O tema da sexualidade continua a ser tratado superficialmente em casa, nas escolas e na sociedade em geral. "Existe muito preconceito ainda", diz a psicóloga clínica, sexóloga e doutoranda em saúde infantil. Vânia Beliz fala com conhecimento de causa devido ao trabalho que fez, desde 2008, para a Direção-Geral da Educação no Programa de Apoio à Promoção e Educação para a Saúde (PAPES) e que a levou a conviver de perto com muitas crianças.
Neste âmbito, a especialista deu palestras nas escolas sobre os afetos e a sexualidade, uma experiência que lhe tem permitido "perceber o que as crianças, os pais e os educadores sabem". Embora as orientações do Ministério da Educação sejam bastante abrangentes nas questões que deveriam ser abordadas, Vânia Beliz descobriu que da teoria à prática vai uma grande distância. "Tenho pena que se dediquem poucas horas a trabalhar esses temas nas escolas", critica.

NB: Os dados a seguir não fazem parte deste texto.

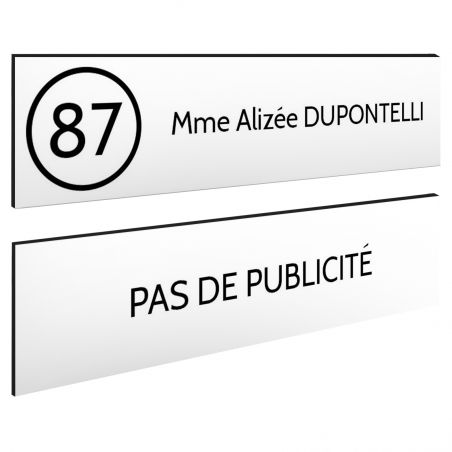 Plaque nom et numéro + Plaque Stop Pub pour boite aux lettres format 100x25mm blanche lettres noires - 1 ligne
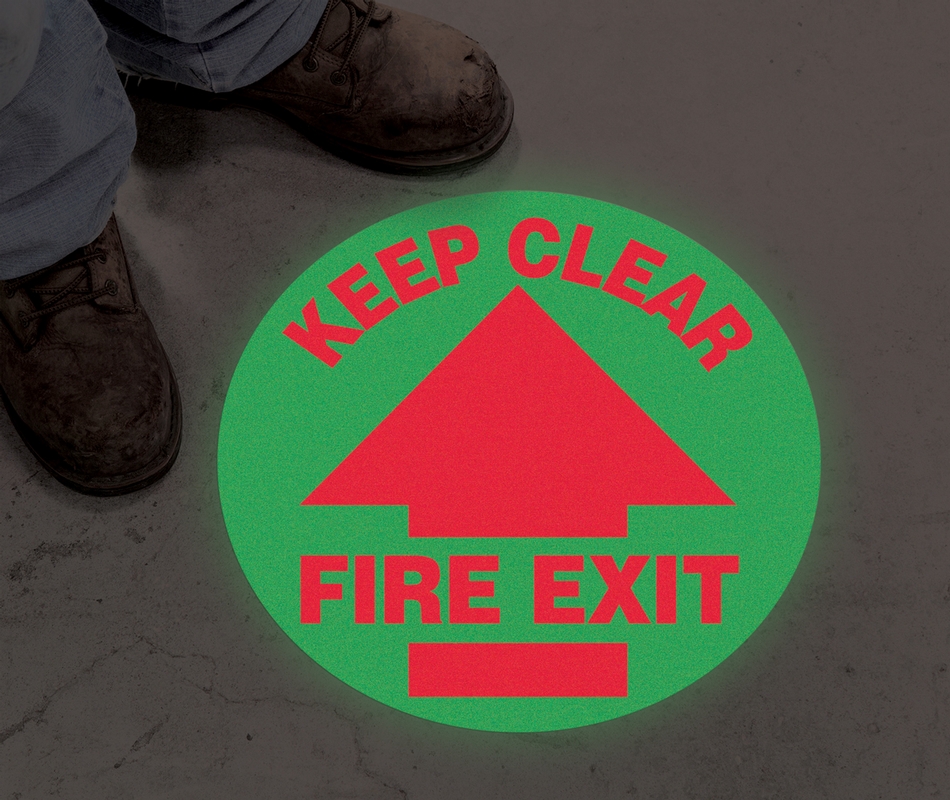 KEEP CLEAR FIRE EXIT (GLOW)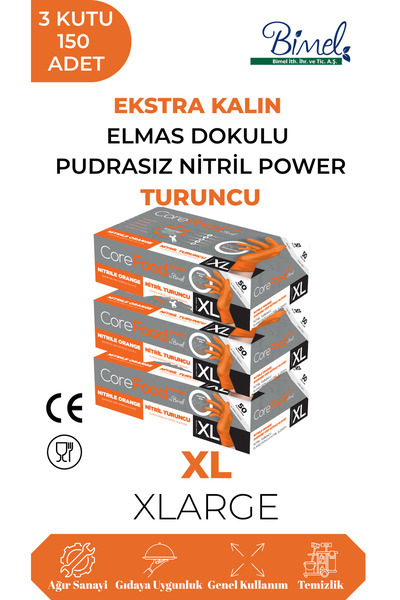 COREFOOD قفازات فحص النتريل البرتقالية خالية من البودرة مقاس XL - عبوة من 3 ق...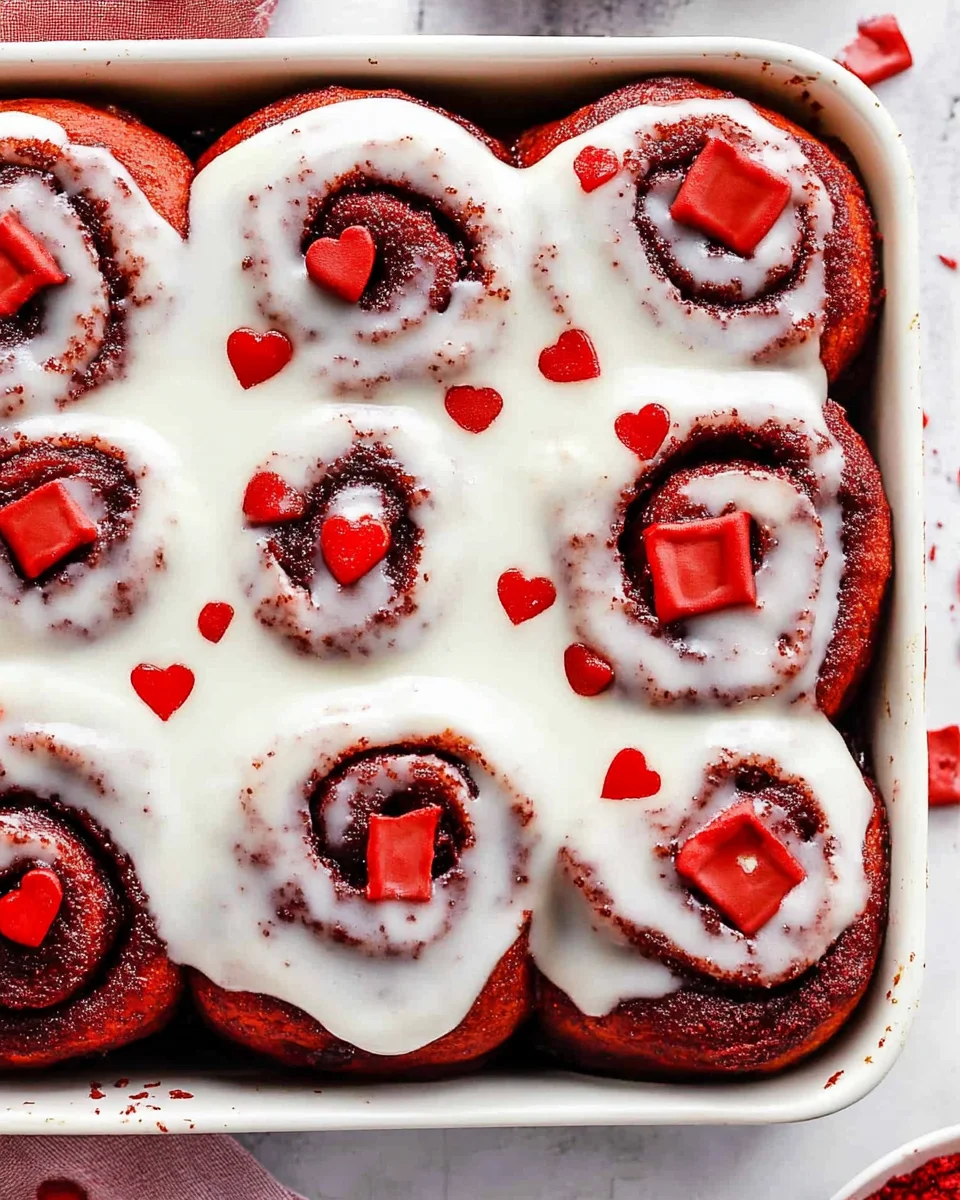 Red Velvet Cinnamon Rolls Red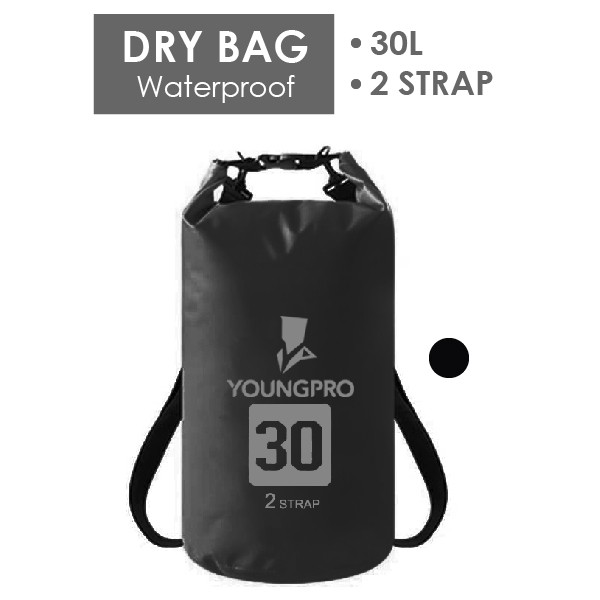 TAS DRYBAG RANSEL ZIPPER 30L 2 STRAPS - TAS ANTI AIR 30L WATERPROOF DRY BAG WITH ZIPPER POCKET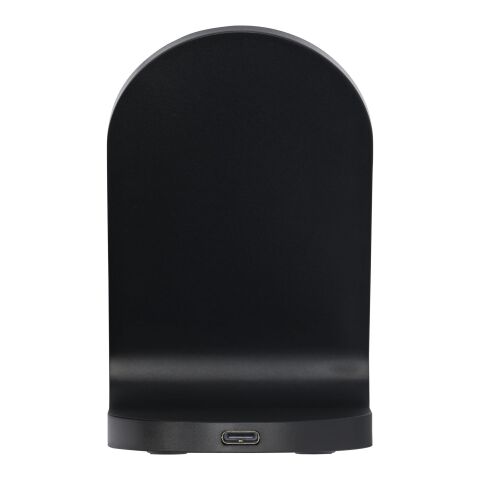 Base de carga inalámbrica con doble bobina de 15W en plástico reciclado con certificación RCS &quot;Loop&quot; Estándar | Negro | sin montaje de publicidad | no disponible | no disponible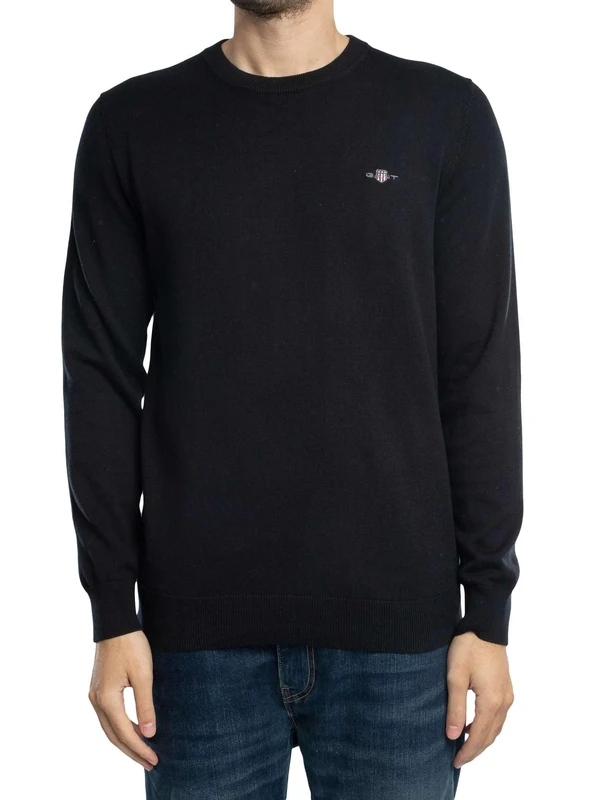 GANT Mens Cotton Crew Neck Sweater - Black 005 - XXL
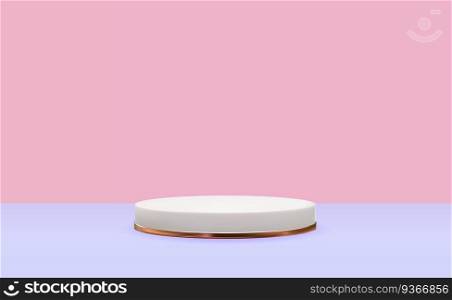 Realistic 3d white pedestal with gold ring over pink background. Trendy empty podium display for cosmetic product presentation, fashion magazine. Copy space vector illustration EPS10. Realistic 3d white pedestal with gold ring over pink background. Trendy empty podium display for cosmetic product presentation, fashion magazine. Copy space vector illustration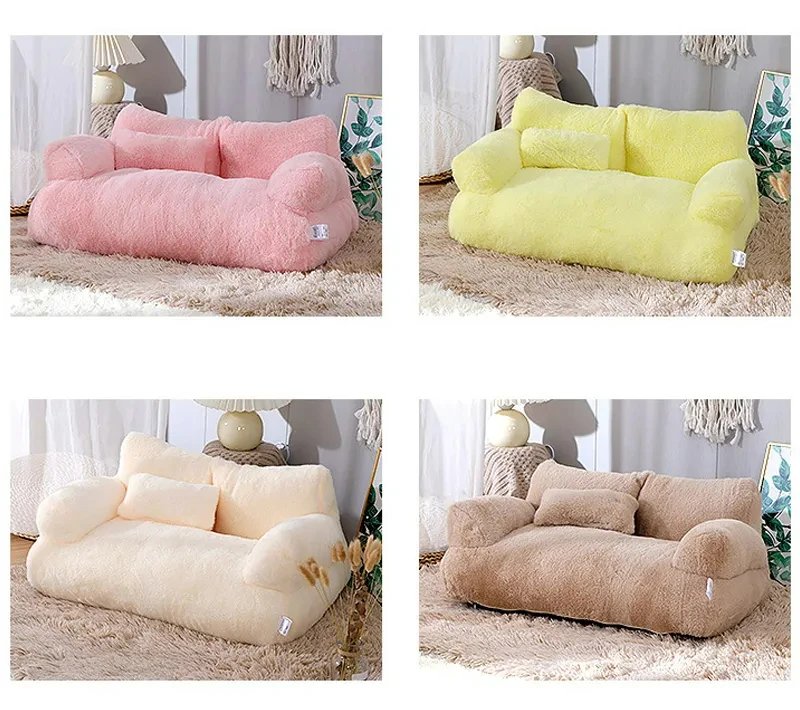 Canapé-lit en peluche confortable pour animaux de compagnie, accent chaud pour chat, chats de petite et moyenne taille, fournitures pour animaux de compagnie, hiver
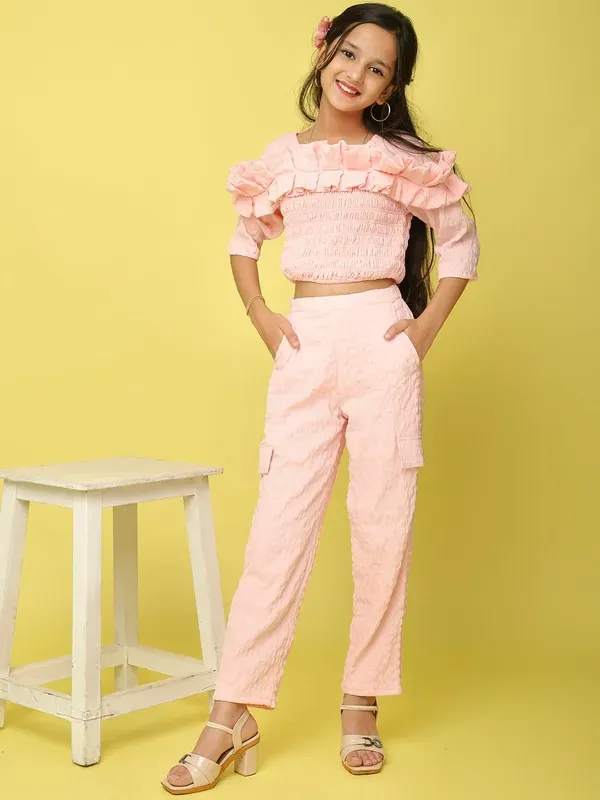 Pink_Viscose_Modal_Co-Ord_Ruffled_Smocked_Top_And_Straight_Pants_Set_For_Girls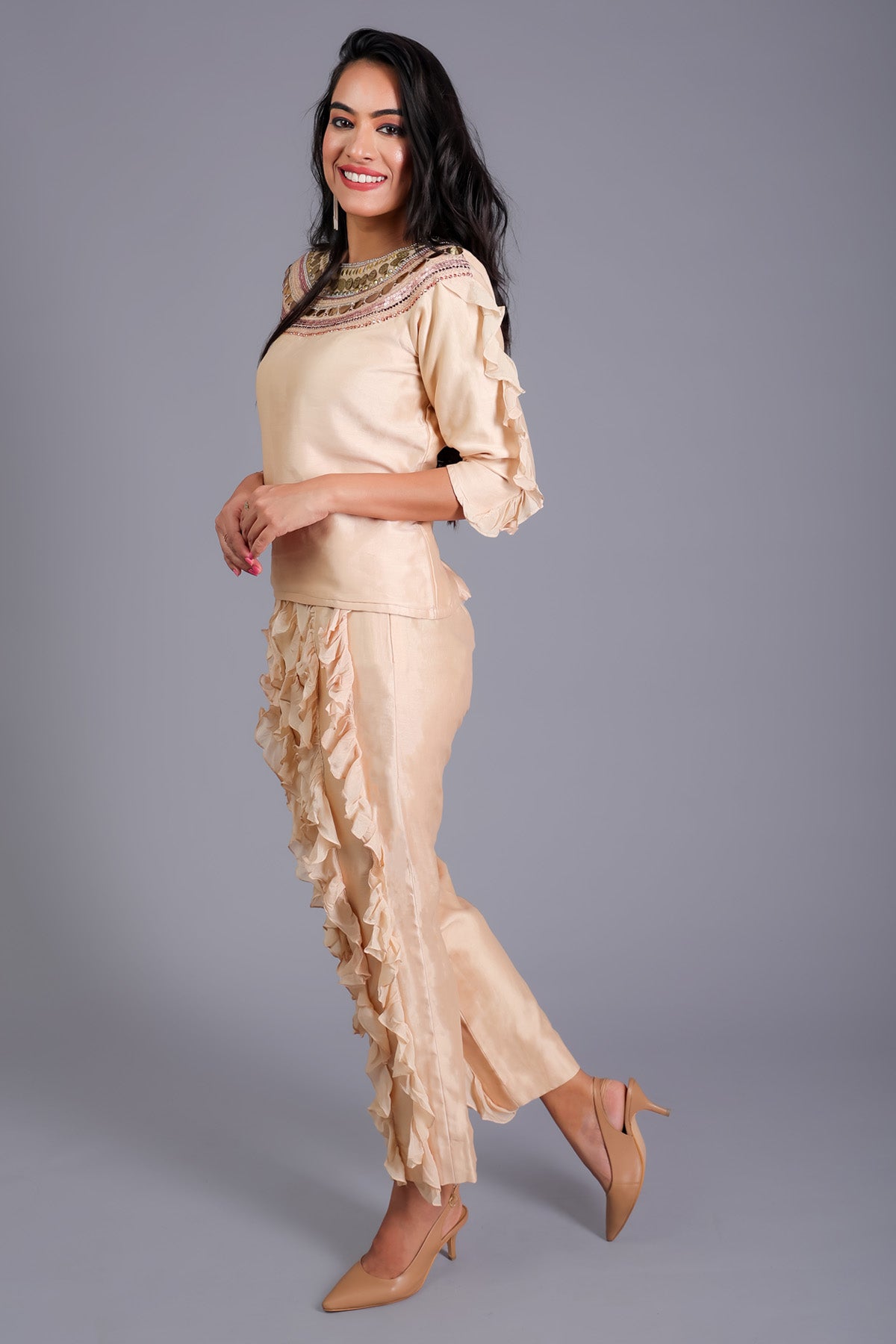 Beige Chanderi Ruffle Co-ord Set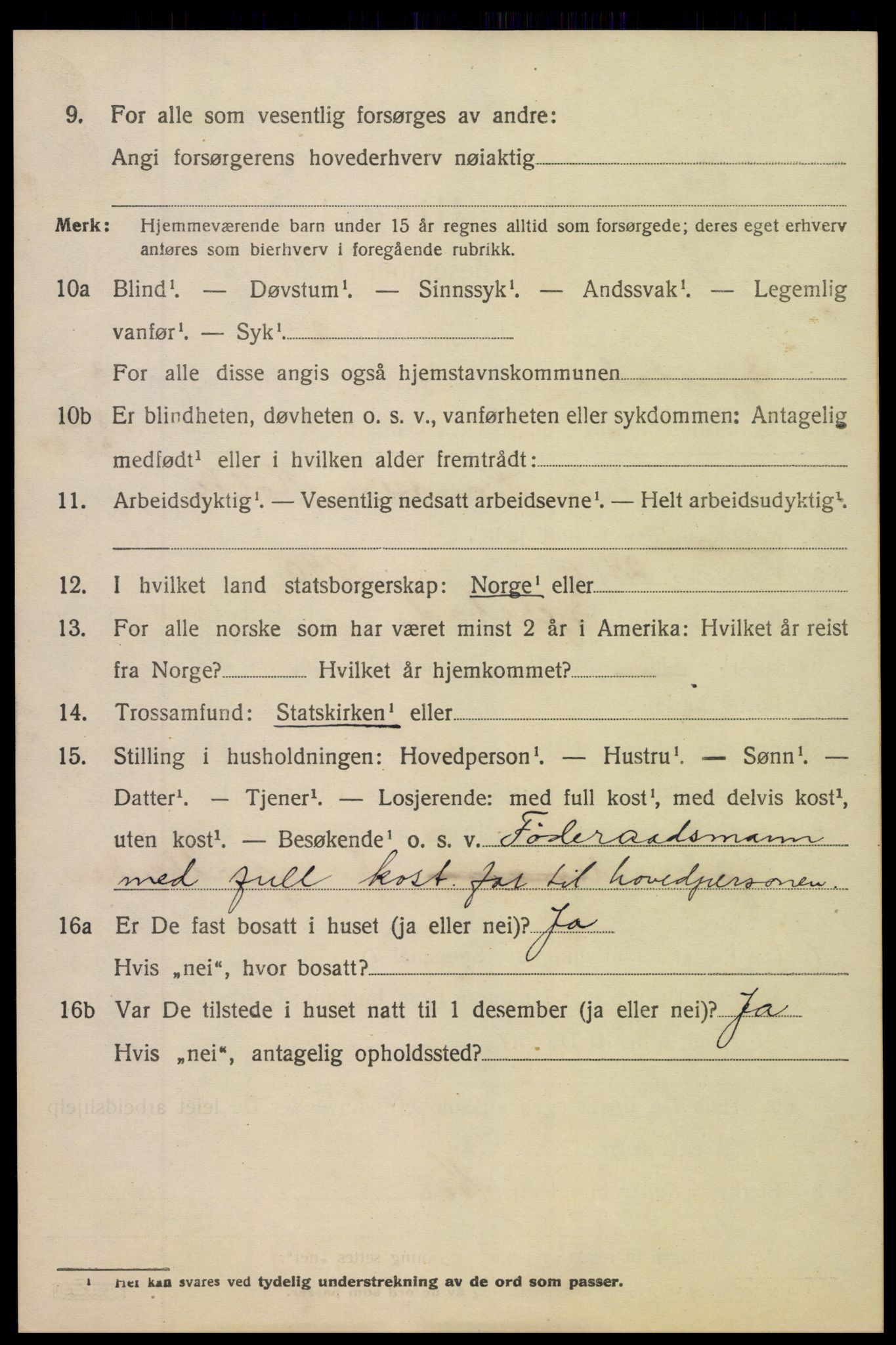 SAK, 1920 census for Gjerstad, 1920, p. 2044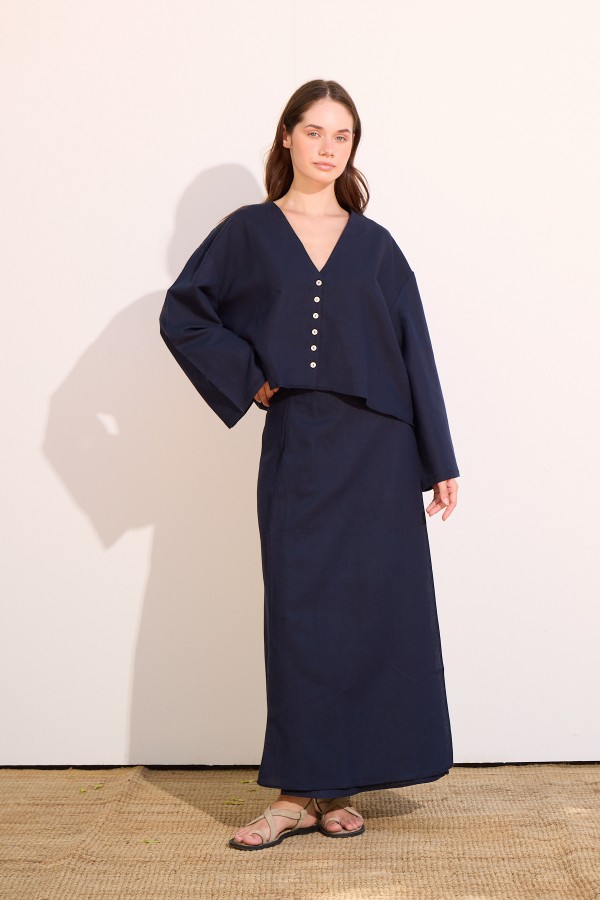 Ola Düğmeli Ceket  Dark Blue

"Ainda há muito desconhecimento e isso coloca as crianças e os jovens em risco", frisa a sexóloga. O contexto também não é dos mais fáceis. Nas últimas décadas, têm vindo a ser quebrados tabus em relação ao sexo, graças ao aparecimento de cada vez mais vozes especializadas, psicólogos, médicos ginecologistas, psiquiatras e sexólogos, que têm tentado normalizar o tema e uniformizar conceitos e ideias junto do público português, através da publicação de artigos e livros e da participação em programas televisivos informativos.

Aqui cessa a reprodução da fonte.